- The paper introduces DeepGB-TB, a framework that combines a 1D-CNN for cough audio with a LightGBM model for demographic data to enhance TB screening.
- It employs a cross-modal bidirectional attention mechanism (CM-BCA) to iteratively refine audio and demographic features, mimicking clinical reasoning.
- Experimental results demonstrate an AUROC of 0.903, underscoring its high sensitivity and on-device applicability for rapid TB diagnosis.
DeepGB-TB: A Risk-Balanced Cross-Attention Gradient-Boosted Convolutional Network for Rapid, Interpretable Tuberculosis Screening
DeepGB-TB proposes a novel framework combining deep learning with gradient-boosted decision trees to offer an efficient, interpretable method for tuberculosis (TB) screening. It utilizes acoustic features from cough audio coupled with demographic data to predict TB risk. The architecture features a Cross-Modal Bidirectional Cross-Attention (CM-BCA) mechanism that enables data from cough audio to iteratively interact with demographic features, thereby refining diagnostic interpretations in a manner akin to a clinician’s diagnostic reasoning.
Methodology
DeepGB-TB integrates a 1D-CNN for processing cough audio and a LightGBM-based model for demographic data into a Cross-Validated Probability Embedding Module (CVPEM). The CVPEM transforms raw tabular data into robust, high-dimensional vectors by employing cross-validated LightGBM predictions as features.
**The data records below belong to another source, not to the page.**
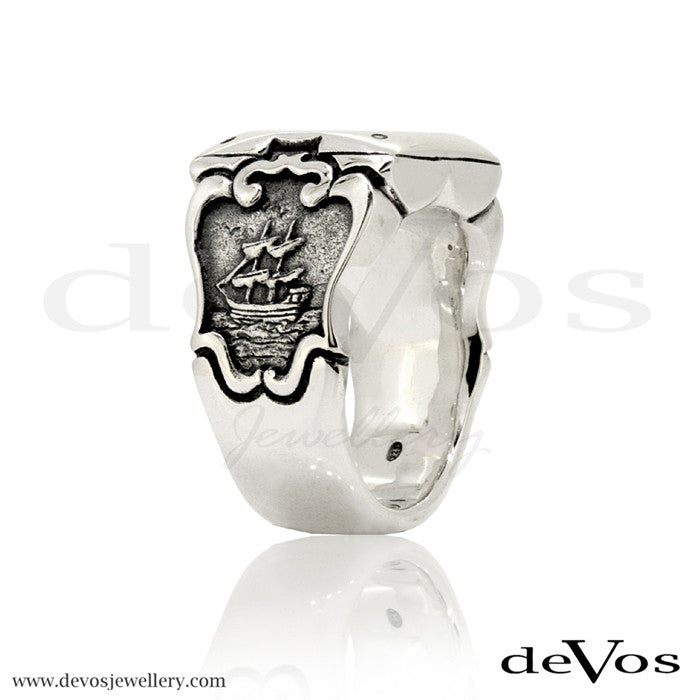 "Seven Seas" Anchor and Ship Ring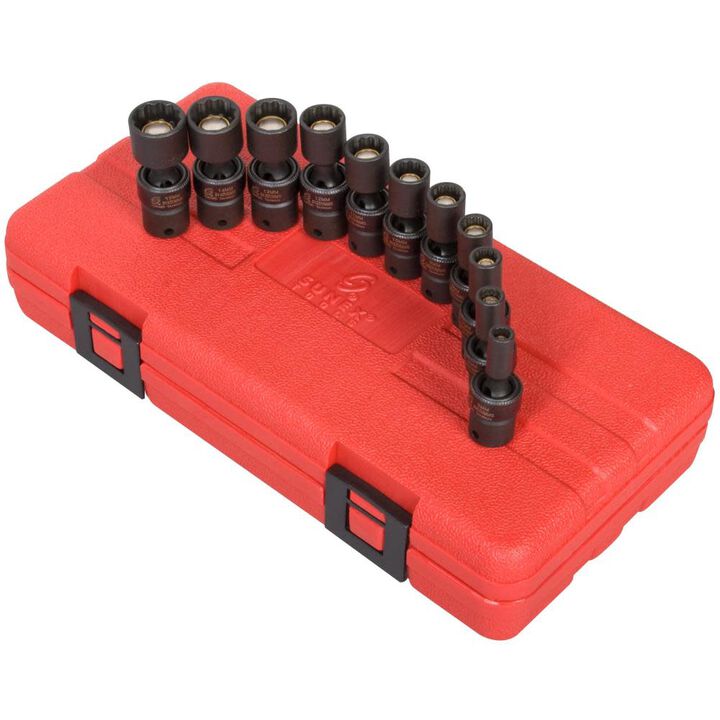 Sunex 1/4 In. Drive Metric 12pt Universal Magnetic Impact Socket Set
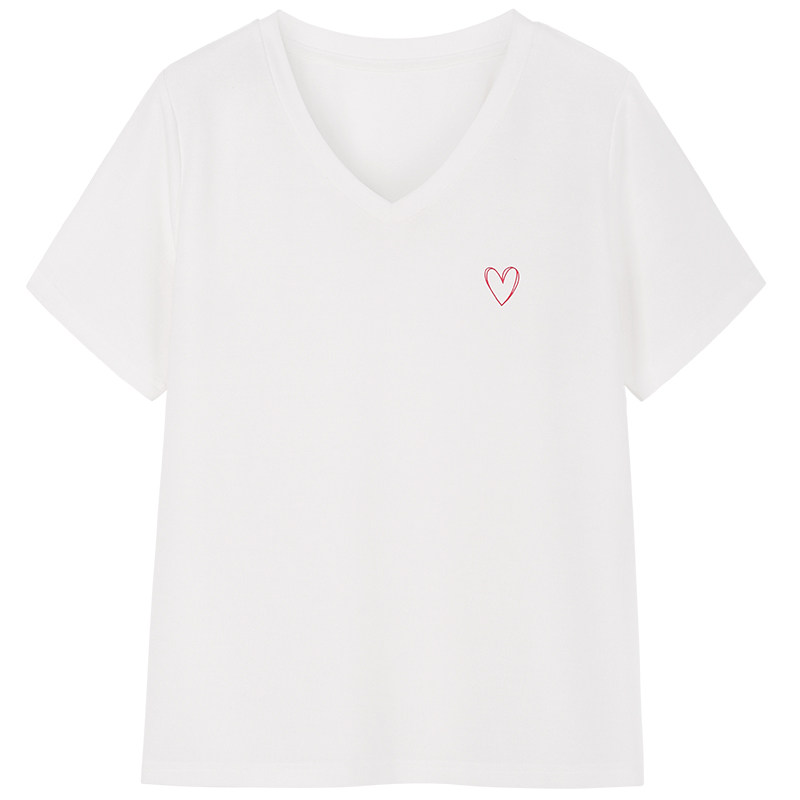 毛菇小象自带瘦脸功能女2020 v领t恤 毛菇小象T恤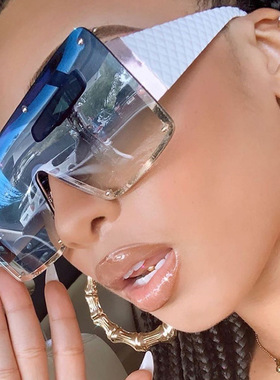 大框太阳镜个性防晒街拍海洋片女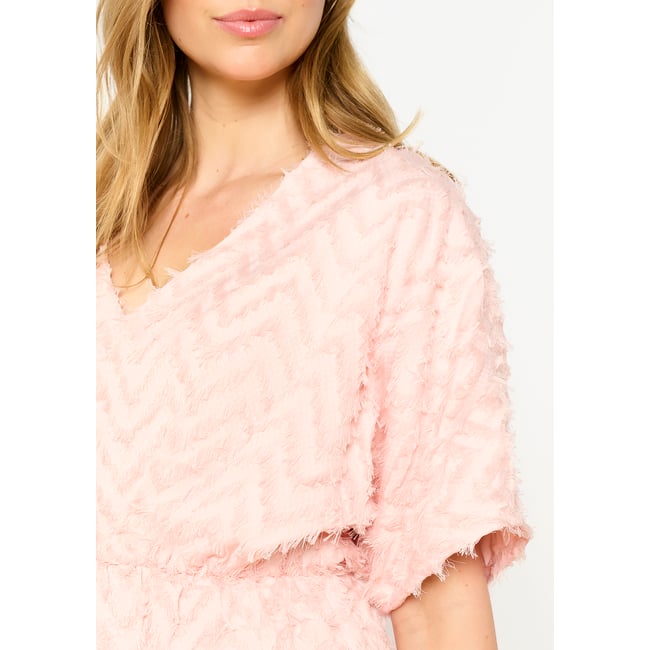 Robe texturée en relief rose nude <span itemprop=
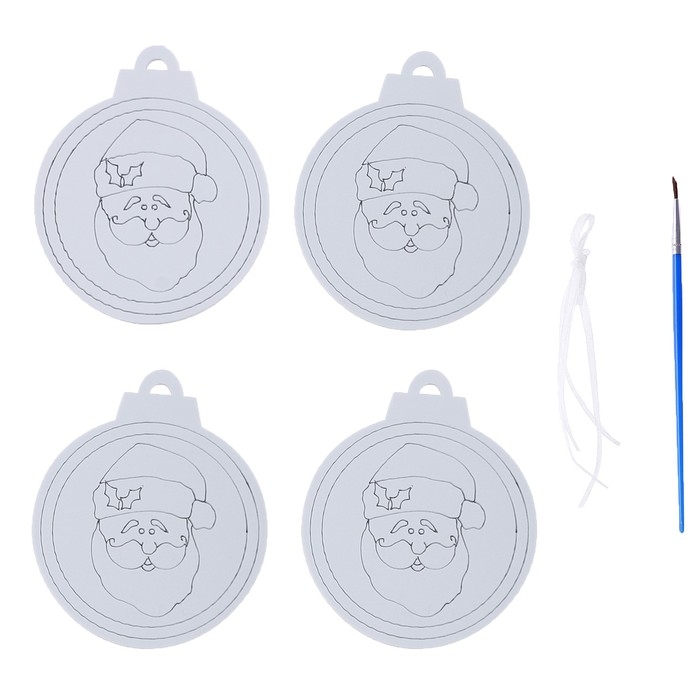Ёлочное украшение под раскраску «Лицо» 4 шт., кисть Ёлочное украшение под раскраску «Лицо» 4 шт., кисть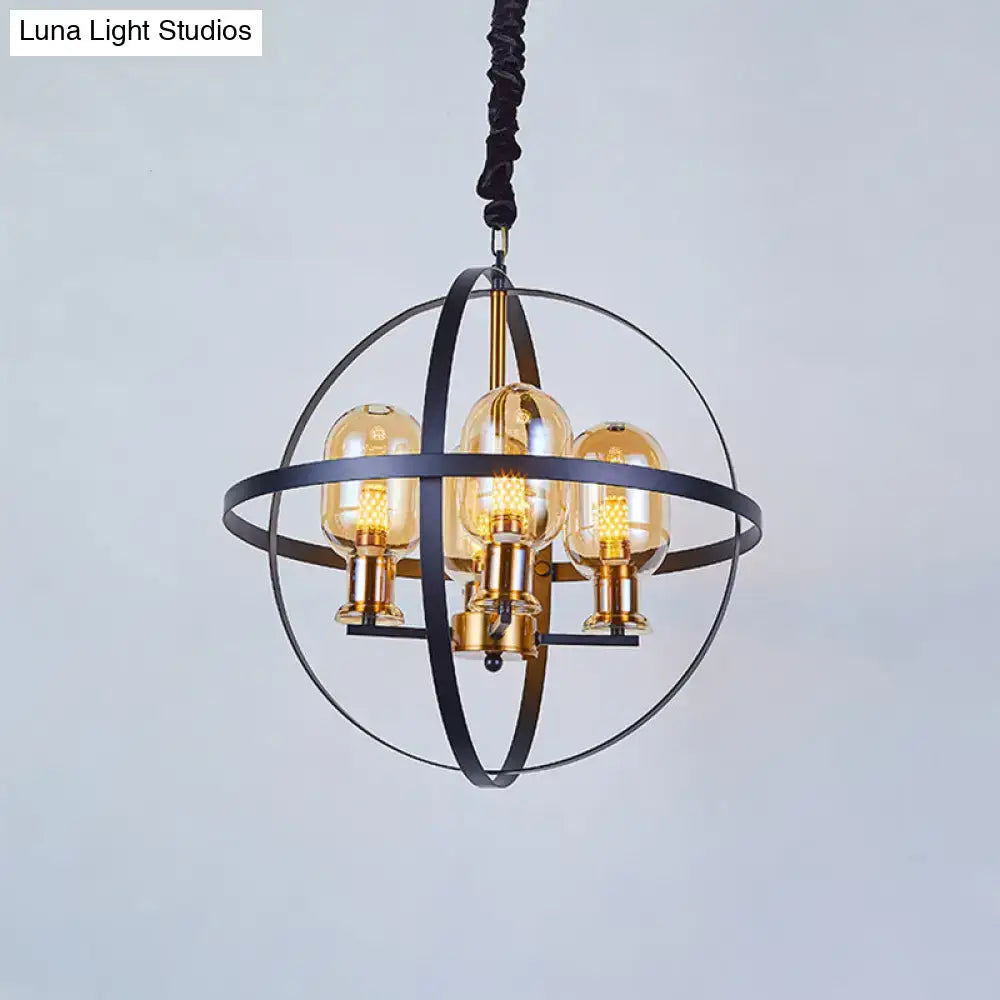 Industrial-style decorbites™ amber glass pendant chandelier with black metal orb frame and three bulbs 220v-240v 110v-120v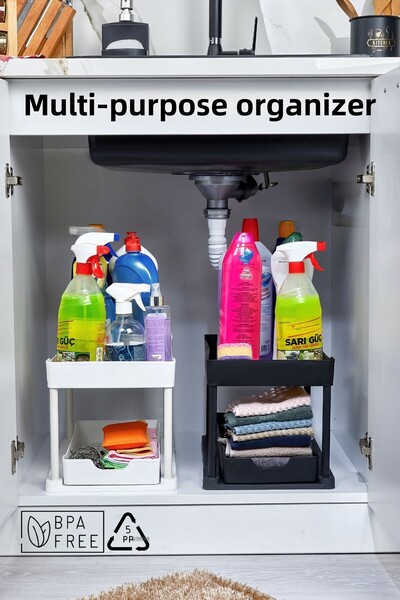 Espas Home Organizator multifuncțional sub blat cu 2 niveluri / Set de 2 - Alb/negru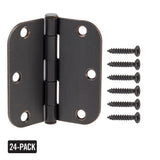 Everbilt 3-1/2 in. x 5/8 in. Radius Oil-Rubbed Bronze Butt Door Hinge Value Pack (24-Pack)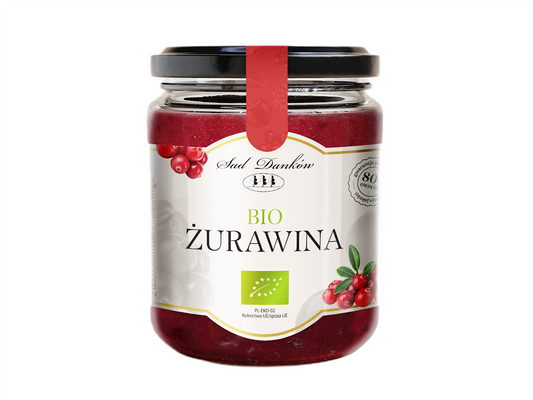 ŻURAWINA 80 % Z CUKREM TRZCINOWYM BIO 260 g - SAD DANKÓW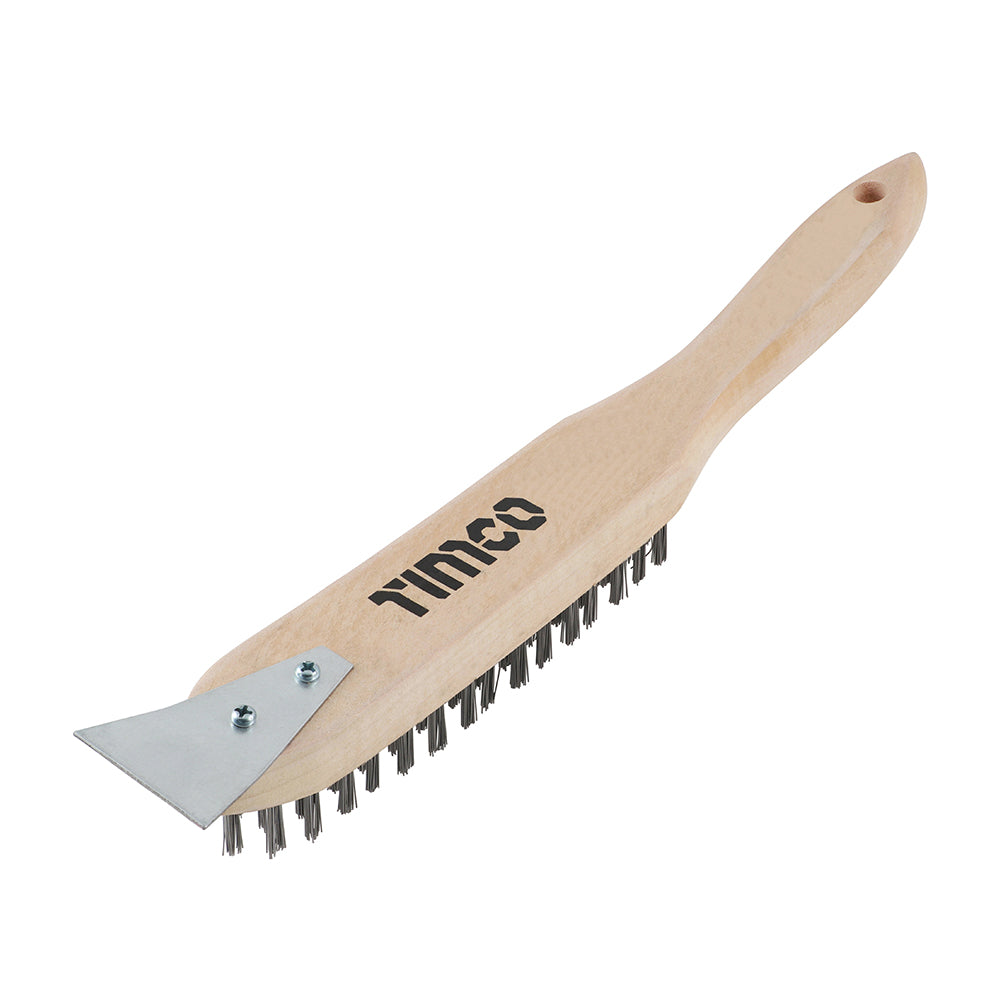 Scratch Brush with Scraper - Stainless Steel | 4 Rows product image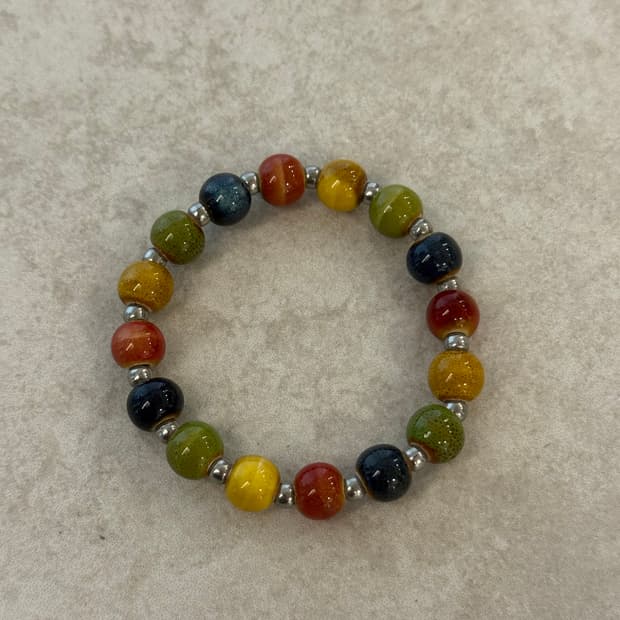 레인보우 도자기 비즈 팔찌
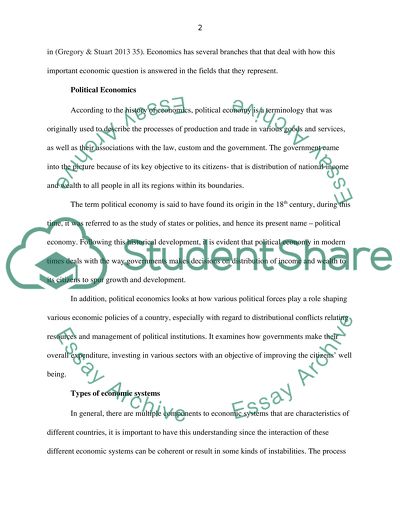 Types of Economic Systems in Political Economy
1D-CNN and CVPEM Integration:
Figure 1: The architecture of DeepGB-TB.
The audio processing employs Mel-frequency cepstral coefficients (MFCCs) and supplementary features (chroma, spectral centroid) as inputs to a 1D-CNN, while a LightGBM model processes demographic data using cross-validation to yield a stable probability embedding. This configuration captures the multiplicative interplay between the modalities, effectively modeling patient profiles against audio signatures.
CM-BCA Mechanism:
CM-BCA iteratively refines the audio and tabular feature representations by cross-attending over the alternate data modality. This process, shown in (Figure 2) as a series of multi-head attention layers, relies on successive applications of attention and feed-forward layers interleaved with layer normalization. The CM-BCA provides an efficient fusion that supports the holistic assessment of patient data.
Figure 2: The process of CM-BCA.
Loss Function and Optimization:
To address the critical need for high sensitivity in TB detection, a Tuberculosis Risk-Balanced Loss (TRBL) is incorporated. This loss assigns a higher penalty to false negatives, optimizing the model for recall. The selected value of the hyperparameter λ=3 in the TRBL ensures an optimal balance between sensitivity and specificity as shown in empirical evaluations.
Experimental Results
DeepGB-TB was evaluated on a dataset comprising 1,105 participants from diverse geographic locations, featuring a balanced TB and non-TB distribution. The method achieved an impressive AUROC of 0.903, indicating robust diagnostic capability surpassing other baseline models.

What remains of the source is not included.